◆ **Information supplied**
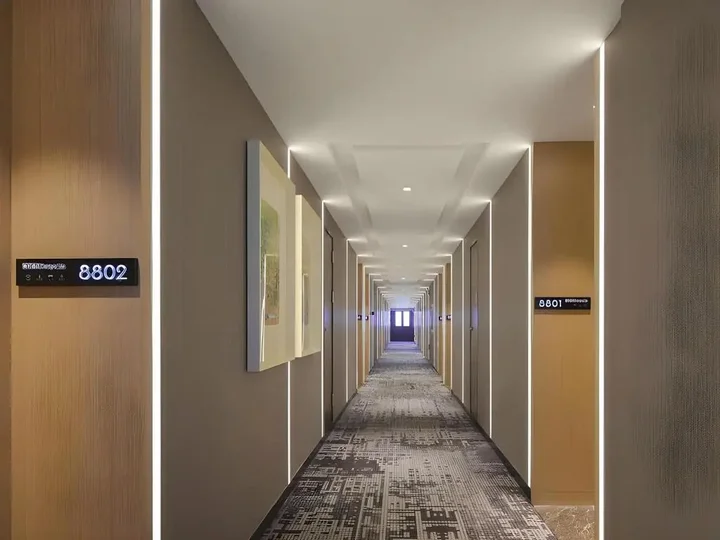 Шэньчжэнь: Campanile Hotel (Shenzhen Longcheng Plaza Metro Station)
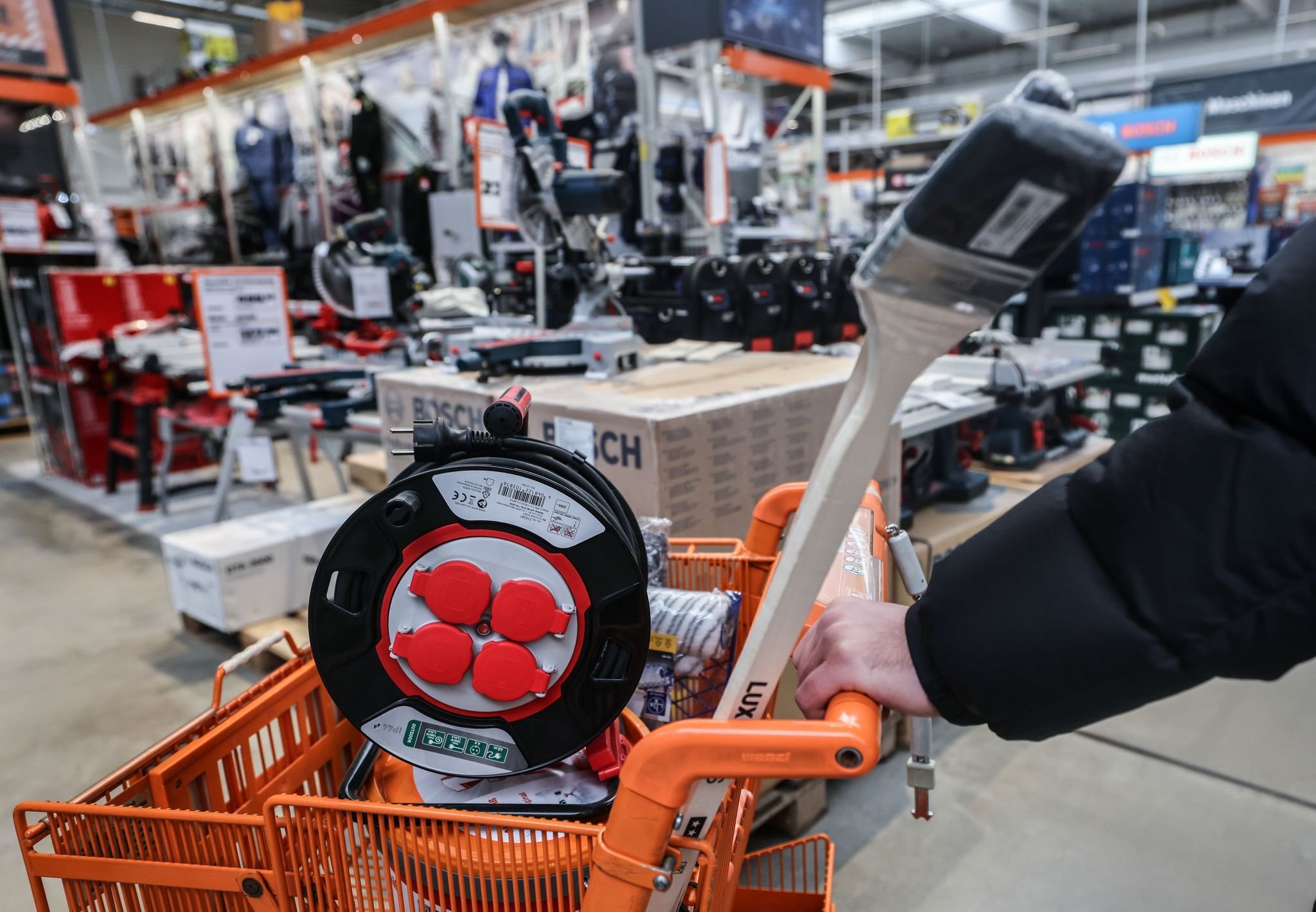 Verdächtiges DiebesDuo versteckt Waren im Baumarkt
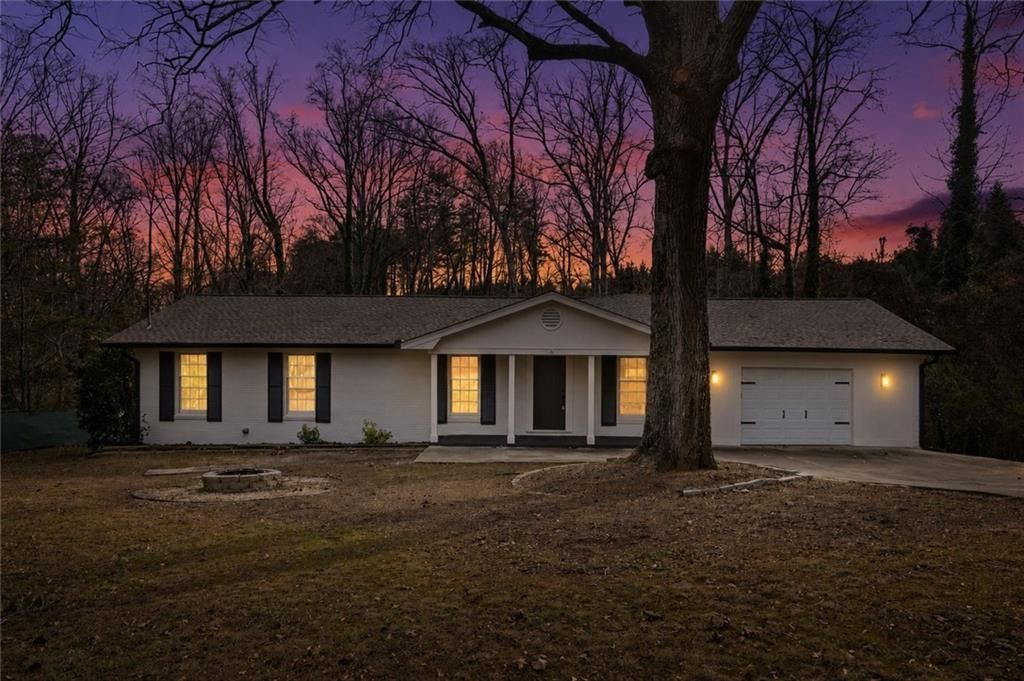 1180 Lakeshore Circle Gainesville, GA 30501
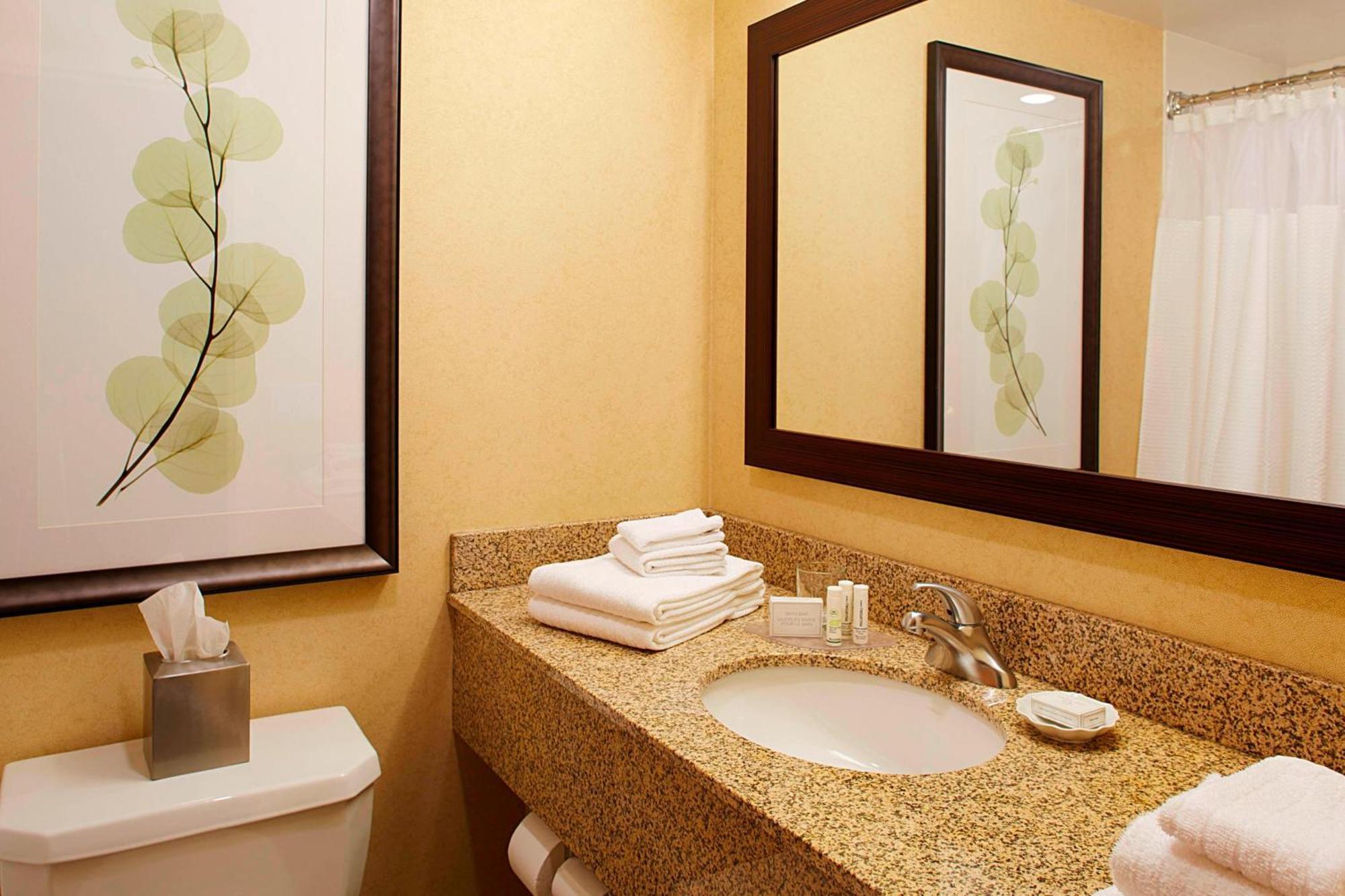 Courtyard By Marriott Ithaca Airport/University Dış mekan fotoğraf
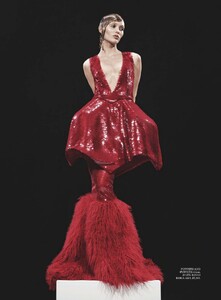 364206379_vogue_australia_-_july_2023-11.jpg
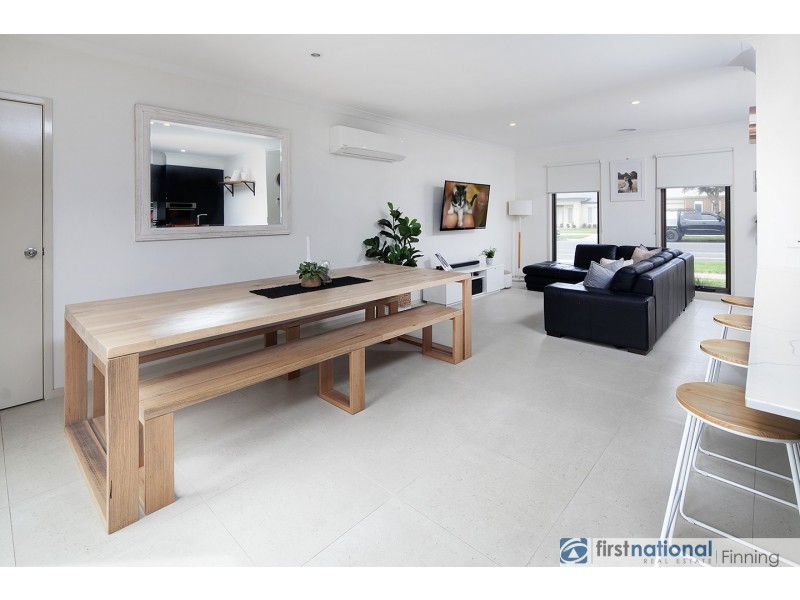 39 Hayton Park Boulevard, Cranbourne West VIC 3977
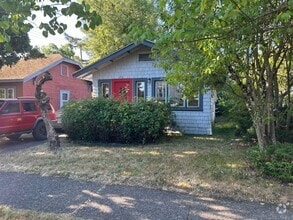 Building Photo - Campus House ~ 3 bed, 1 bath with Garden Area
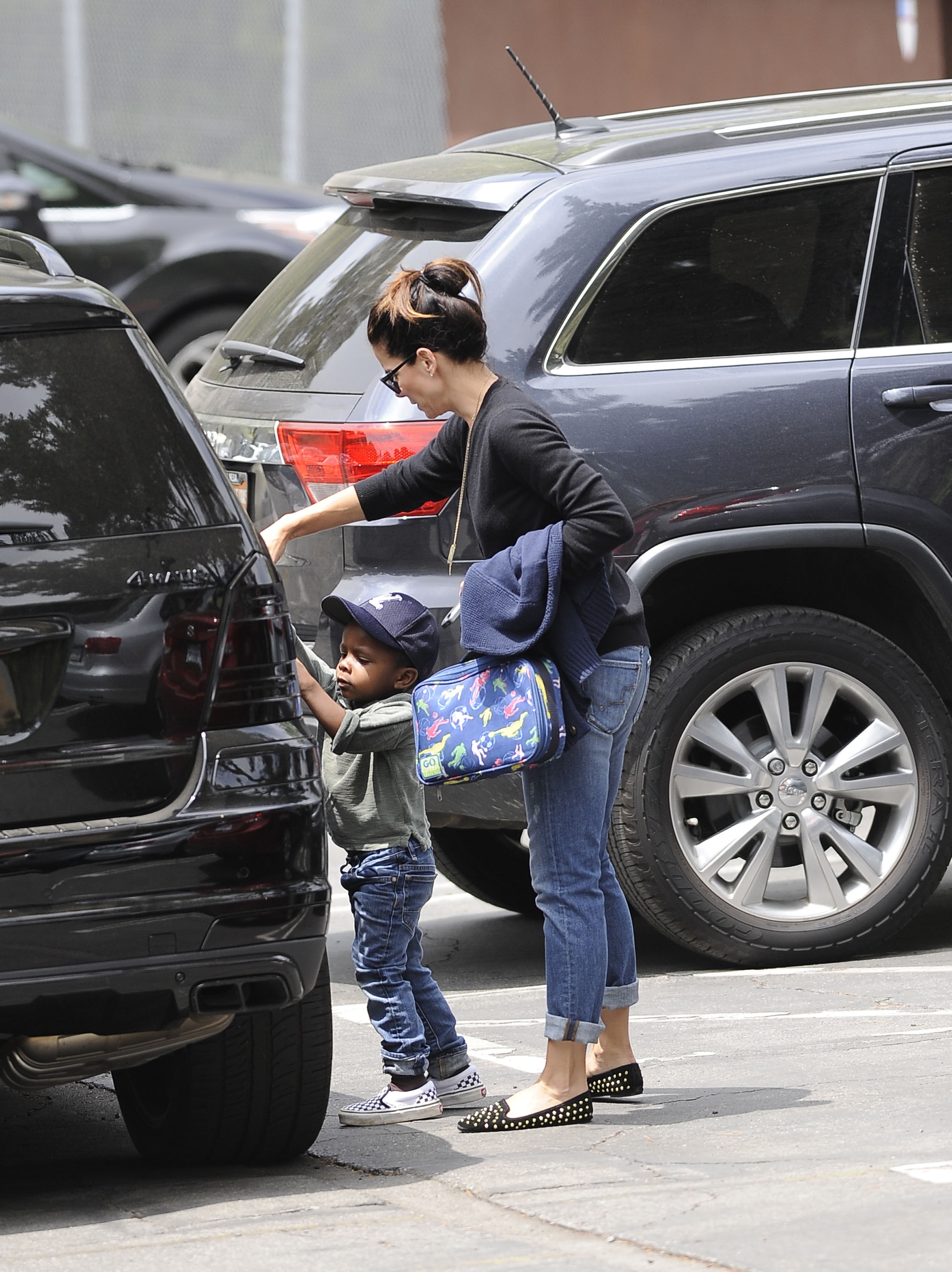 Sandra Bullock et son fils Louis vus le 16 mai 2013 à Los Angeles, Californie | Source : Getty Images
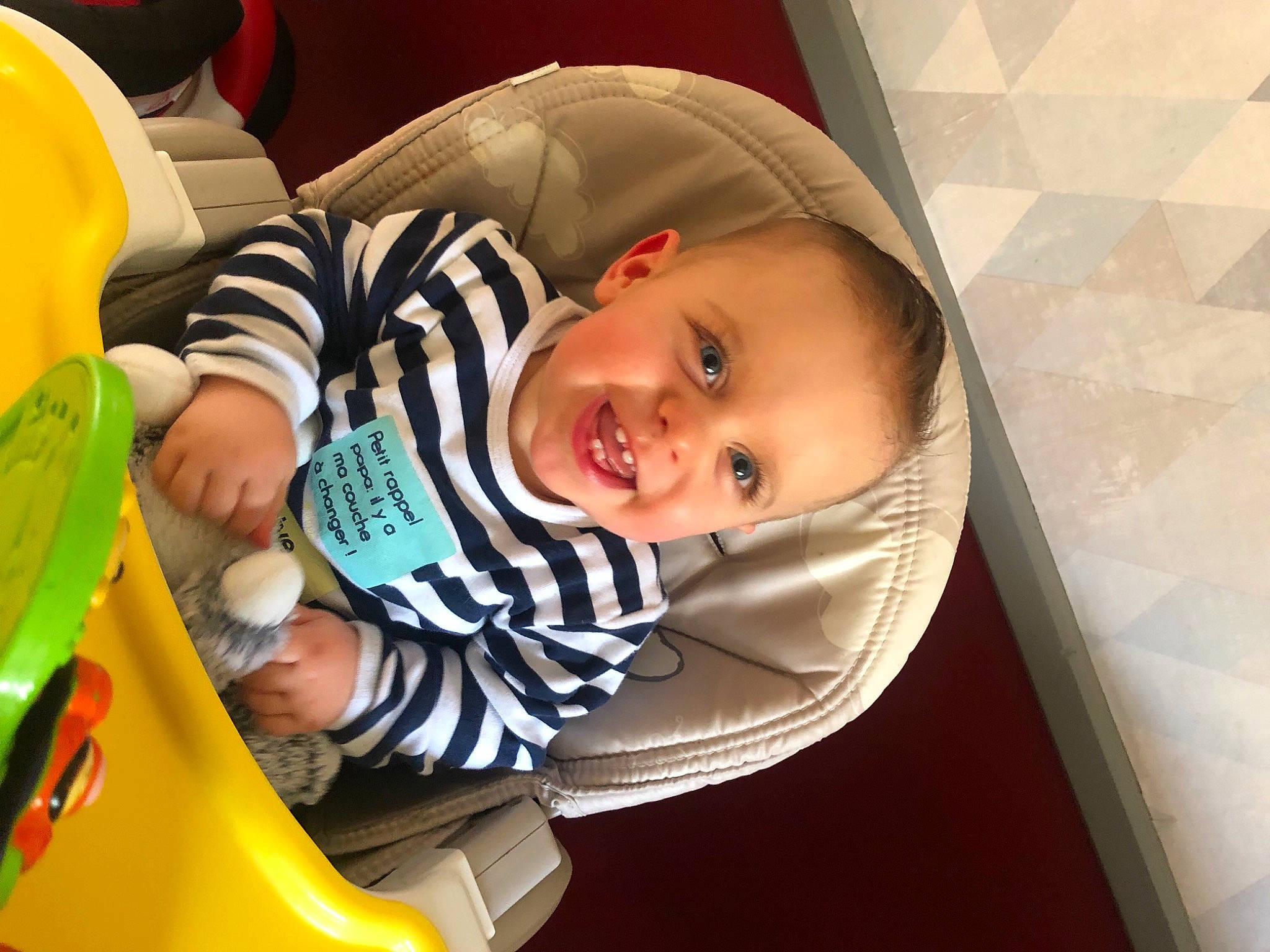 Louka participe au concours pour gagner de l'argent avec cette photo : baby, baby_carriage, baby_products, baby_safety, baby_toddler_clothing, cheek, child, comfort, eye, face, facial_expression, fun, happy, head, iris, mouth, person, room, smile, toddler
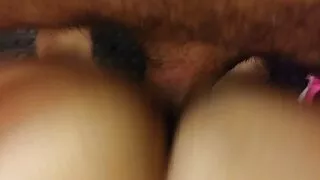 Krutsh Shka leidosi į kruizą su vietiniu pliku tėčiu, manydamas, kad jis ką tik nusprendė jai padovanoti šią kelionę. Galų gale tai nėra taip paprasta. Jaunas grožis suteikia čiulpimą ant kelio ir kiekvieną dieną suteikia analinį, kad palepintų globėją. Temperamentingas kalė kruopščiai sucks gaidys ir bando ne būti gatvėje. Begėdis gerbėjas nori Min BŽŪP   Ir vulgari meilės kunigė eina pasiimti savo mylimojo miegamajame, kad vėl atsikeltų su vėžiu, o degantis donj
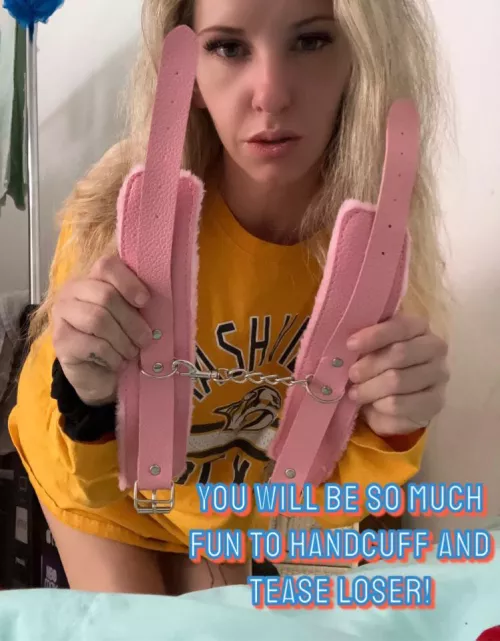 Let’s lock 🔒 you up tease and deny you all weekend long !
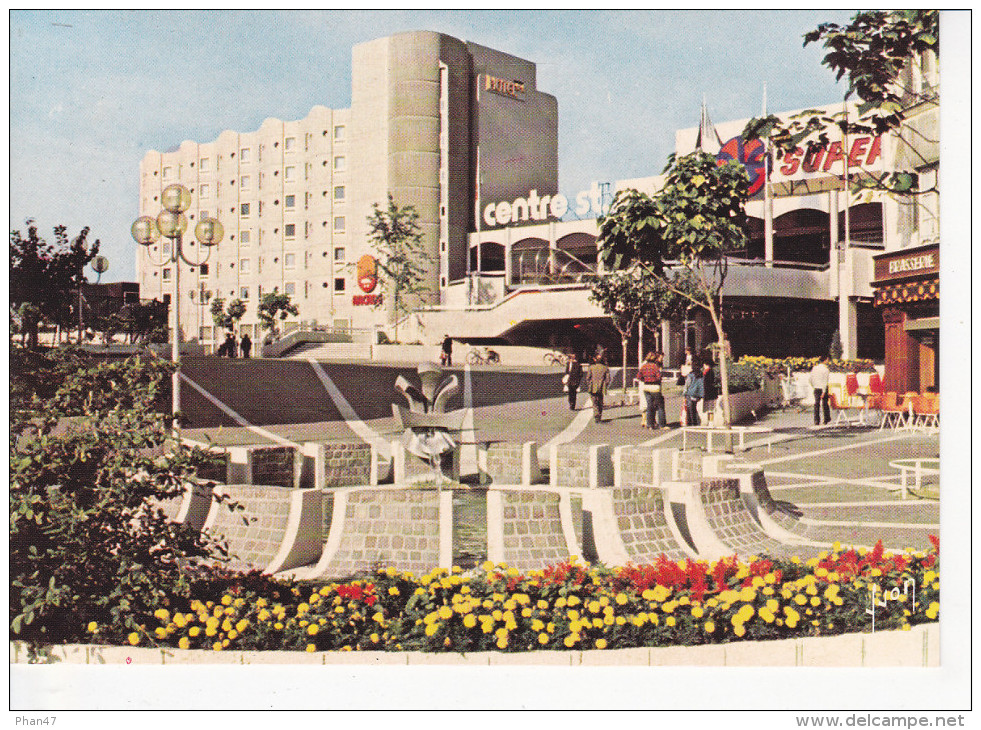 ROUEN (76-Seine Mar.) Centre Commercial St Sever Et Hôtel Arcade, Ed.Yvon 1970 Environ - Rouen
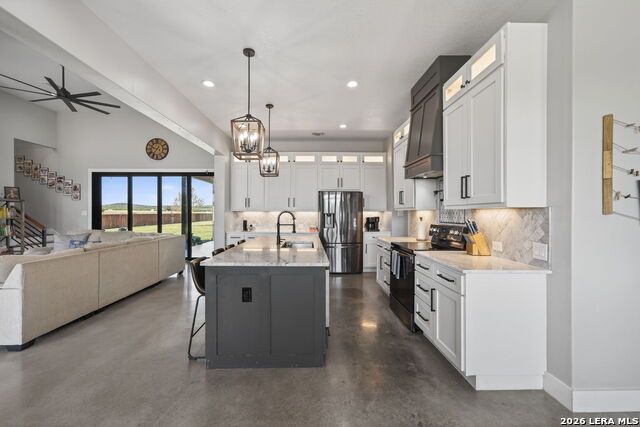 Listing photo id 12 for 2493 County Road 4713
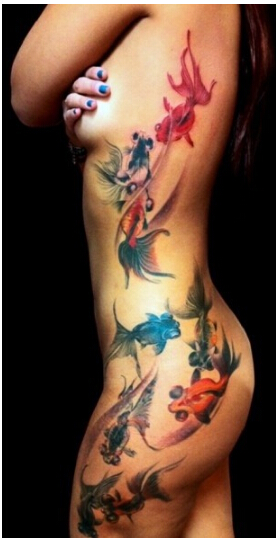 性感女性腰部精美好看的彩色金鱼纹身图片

◆ **Task requirements**
Of the lines above, copy only those from the one holding "1180 Lakeshore Circle Gainesville, GA 30501" to the one holding "Let’s lock 🔒", both included, and exclude every image.

◆ **Task result**
 1180 Lakeshore Circle Gainesville, GA 30501
 Courtyard By Marriott Ithaca Airport/University Dış mekan fotoğraf
 364206379_vogue_australia_-_july_2023-11.jpg
 39 Hayton Park Boulevard, Cranbourne West VIC 3977
 Building Photo - Campus House ~ 3 bed, 1 bath with Garden Area
 Sandra Bullock et son fils Louis vus le 16 mai 2013 à Los Angeles, Californie | Source : Getty Images
 Louka participe au concours pour gagner de l'argent avec cette photo : baby, baby_carriage, baby_products, baby_safety, baby_toddler_clothing, cheek, child, comfort, eye, face, facial_expression, fun, happy, head, iris, mouth, person, room, smile, toddler
 Krutsh Shka leidosi į kruizą su vietiniu pliku tėčiu, manydamas, kad jis ką tik nusprendė jai padovanoti šią kelionę. Galų gale tai nėra taip paprasta. Jaunas grožis suteikia čiulpimą ant kelio ir kiekvieną dieną suteikia analinį, kad palepintų globėją. Temperamentingas kalė kruopščiai sucks gaidys ir bando ne būti gatvėje. Begėdis gerbėjas nori Min BŽŪP   Ir vulgari meilės kunigė eina pasiimti savo mylimojo miegamajame, kad vėl atsikeltų su vėžiu, o degantis donj
 Let’s lock 🔒 you up tease and deny you all weekend long !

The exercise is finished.